Confusion et inquiétude avant la reprise de l'école
Dans la vallée, les personnels de l'éducation et les municipalités tâchent d'organiser tant bien que mal une reprise des cours dans des conditions chaotiques...
« De la folie », « des règles terribles », « une situation complètement ingérable », « de la maltraitance »... Le moins que l'on puisse dire, c'est qu'il faut se lever de bon matin pour trouver dans la vallée un enseignant qui aborde la reprise de l'école avec sérénité. Le dimanche 3 mai, les directeurs et directrices d'établissement ont en effet reçu de leur Inspection académique un « protocole sanitaire » relatif à « la réouverture et au fonctionnement des écoles maternelles et élémentaires », deux mois après la fermeture des classes pour cause d'épidémie de Covid-19. Un document de 54 pages qui leur a donné des sueurs froides, en précisant les dispositions qu'ils devront prendre pour accueillir leurs élèves, à partir du lundi 11 mai, « dans le respect des prescriptions émises par les autorités sanitaires ». Depuis la réception de cet épais document, enseignants, élus, agents municipaux et parents d'élèves se démènent pour adapter ces injonctions ministérielles aux réalités locales.

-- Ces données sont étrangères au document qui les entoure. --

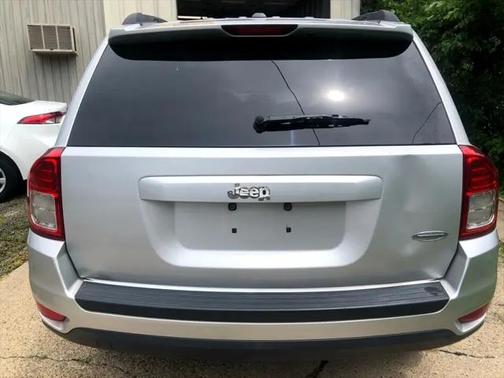 2011 Jeep Compass Sport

« C'est une usine à gaz ! », regrette Jean Beaufort, le directeur de l'école élémentaire de Mirabel-et-Blacons. Les règles imposées sont terribles : il faudra maintenir une distance d'un mètre entre chaque personne, sans aucun contact physique, les élèves seront installés chacun à un bureau sans autorisation d'en bouger, ils ne pourront pas jouer ensemble, pas se toucher, ni se prêter d'objet. Si l'un d'entre eux touche un livre, il faudra attendre cinq jours avant qu'un autre ne puisse le feuilleter... » Encore abasourdi, l'enseignant n'en finit plus de lister des règles draconiennes, confinant parfois à l'absurde : « Pour les activités sportives, la distanciation devra être de 5 mètres, et de 10 mètres pour les activités essoufflantes ! » Avant de conclure : « L'école telle qu'elle va fonctionner à partir de la semaine prochaine ne sera plus une école, ça va être de la garderie. Cette reprise se fait au profit des parents, pas des enfants. »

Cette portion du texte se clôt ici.